I think when stating your opinion against 40 years of econometrical research, including multiple Nobel prizes in economy, you should feel enticed to explain your opinion a bit more than "no I don't think so"...
Please quote a Nobel prize (well, there's no Nobel prize in economy, but surely we understand each other) winner explaining that stock prices are, in actual reality, random variables.
As for the quotes, I encourage you to strongly think about the meaning of the work of Sharpe, Black & Scholes and Markowitz applied to non normal distributions (both Nobel prizes, we understand each other).
In particular, try to articulate the relevancy of sharpe ratios between two non normally distributed portfolios.
If one is a random variable, so is the other. It's a simple change of variables. What's your point?
> As for the quotes, I encourage you to strongly think about the meaning of the work of Sharpe, Black & Scholes and Markowitz applied to non normal distributions (both Nobel prizes, we understand each other).
Could you quote the part where they say that actual, real-world stock prices (or returns, whatever) are random?
> If one is a random variable, so is the other. It's a simple change of variables. What's your point?
Not sure I follow your reasoning. Prices are positive only, and non stationary. That is very much not the same for returns. Usually prices are log normal, leading to normal (log) returns.
> Could you quote the part where they say that actual, real-world stock prices (or returns, whatever) are random?
It is not said, but rather implied. Take the Sharpe ratio for instance, it is a measure that:
1) is used to compare different assets / portfolio returns
2) rely on the 2nd moment of the returns.
The standard deviation is less relevant the further away from the normal distribution you go, so since this is a comparison metric, it can only be reasonably applied to compare normally distributed returns.
If you believe the returns are not generally normal, then you reject the use of the Sharpe ratio as a relevant measure of comparison.
I don't have a B&S reference at hand, and I did not read it since 15 years, but I'm pretty sure it assumes lognormals prices as well.
> Not sure I follow your reasoning.
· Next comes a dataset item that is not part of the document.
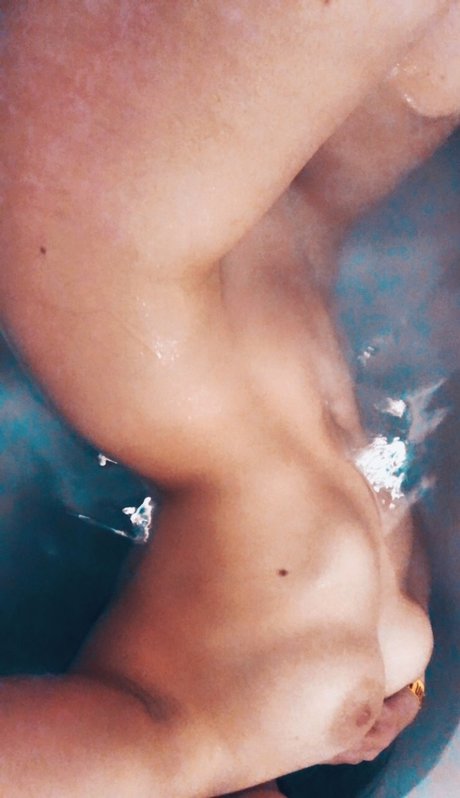 Naomi Freek セクシーモデル アーカイブ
Prices are positive only, and non stationary. That is very much not the same for returns. Usually prices are log normal, leading to normal (log) returns.
Perhaps we should take it back to the beginning. What do you believe "random variable" means...?
This is absolutely absurd. Economists including Nobel prize winners, including even Eugene Fama who proposed the Efficient Market Hypothesis, does not think the stock market is normally distributed.
At best, using a normal distribution is something that undergrads use as a tool to learn about the stock market and make some simplifying assumptions for pedagogical purposes, but it most certainly is not something that actual professionals or researchers in the field genuinely believe.
Come on, don't create a trial of nitpicking. I am not saying returns are a law of nature meant to teach us normality.
My point is that, for all intent and purposes, you should assume normal distribution of returns.
If you don't, you're obviously on either end of the spectrum: not knowing the subject at all, or nitpicking expertise on the internet.
The subject of the matter here is convincing someone that risk adjusted measures should be considered when comparing portfolios. This is the basic underlying modelisation that 99.99% of the finance world makes, "compare sharpes", "compare volatility adjusted returns".
I'm stating 1+1=2 and you're arguing it doesn't hold in Z/2.
> At best, using a normal distribution is something that undergrads use as a tool to learn about the stock market and make some simplifying assumptions for pedagogical purposes
Implicit normality assumptions are everywhere. I encourage you to think hardly about your model and question whether anything you do would work on non normal distributions, you will most likely find that you have millions of these assumptions in your linear combinations, sample renormalization, regressions, sharpe weighters and optimizations.
Now of course you could refine that with students, lognormals, and whatever, but this is more _refinement_ than anything.
The financial sector isn't yet so unrelated to reality that the price of securities is random.